Scrolling through job postings all I could think about was how I didn't want to start over again. It was the same thought I had as we walked toward the ice cream social our new apartment complex was having. I don't want to start over.
Starting over means introducing myself. Starting over means small talk. It means not being known and trying to be known. But worst of all it means that I left a place.
It means I had to say goodbyes and don't know how to keep a hold of the people I left and also reach out to new people. Inevitably, I end up sitting someplace between, not having the people I left and not having new people. It's uncomfortable but living between is something I am used to, between cultures, between worlds, between here and there, the home I left and the home I am learning to make. Again.
As I press submit on an application, I feel like I have also started a complex machine with levers and pulleys and shoots for a little metal ball to slide down that ultimately ends in the pressing of a reset button. It's one step toward starting over.

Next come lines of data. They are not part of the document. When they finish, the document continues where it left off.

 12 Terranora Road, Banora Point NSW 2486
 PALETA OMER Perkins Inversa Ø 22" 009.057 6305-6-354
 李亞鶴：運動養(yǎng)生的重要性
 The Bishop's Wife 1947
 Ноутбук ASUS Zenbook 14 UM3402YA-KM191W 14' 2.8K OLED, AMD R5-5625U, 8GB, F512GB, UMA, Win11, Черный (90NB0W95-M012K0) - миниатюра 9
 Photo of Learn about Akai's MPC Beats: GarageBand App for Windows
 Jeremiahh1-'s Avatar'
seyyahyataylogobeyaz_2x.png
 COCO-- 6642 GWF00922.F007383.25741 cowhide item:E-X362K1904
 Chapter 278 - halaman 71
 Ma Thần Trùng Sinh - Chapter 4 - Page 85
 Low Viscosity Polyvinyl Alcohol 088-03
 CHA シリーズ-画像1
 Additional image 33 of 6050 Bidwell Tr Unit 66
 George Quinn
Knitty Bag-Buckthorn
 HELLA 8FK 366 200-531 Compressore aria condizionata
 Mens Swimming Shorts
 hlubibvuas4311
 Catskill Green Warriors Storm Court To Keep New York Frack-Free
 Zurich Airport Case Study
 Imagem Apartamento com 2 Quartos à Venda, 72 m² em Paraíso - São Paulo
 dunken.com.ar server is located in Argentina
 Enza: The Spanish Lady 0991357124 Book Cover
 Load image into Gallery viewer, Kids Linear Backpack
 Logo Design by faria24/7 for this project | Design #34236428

So I raise my head up and sit tall and look ahead to what I know, from the many times I have done this before, lies ahead of me. New and beautiful friendships, stories of people I have never met before, the culture of a new place, delicious foods and experiences. The road to those things may be awkward and I know I will have to sit on the side of it along the way and mourn the things I have left, but it will be okay.
When I was young I thought starting over meant I got to choose who I would be, and in some ways I do get to leave behind the things I don't need if I want to, but now I think maybe it means I just get another chance to be who I am.
What does starting over mean to you?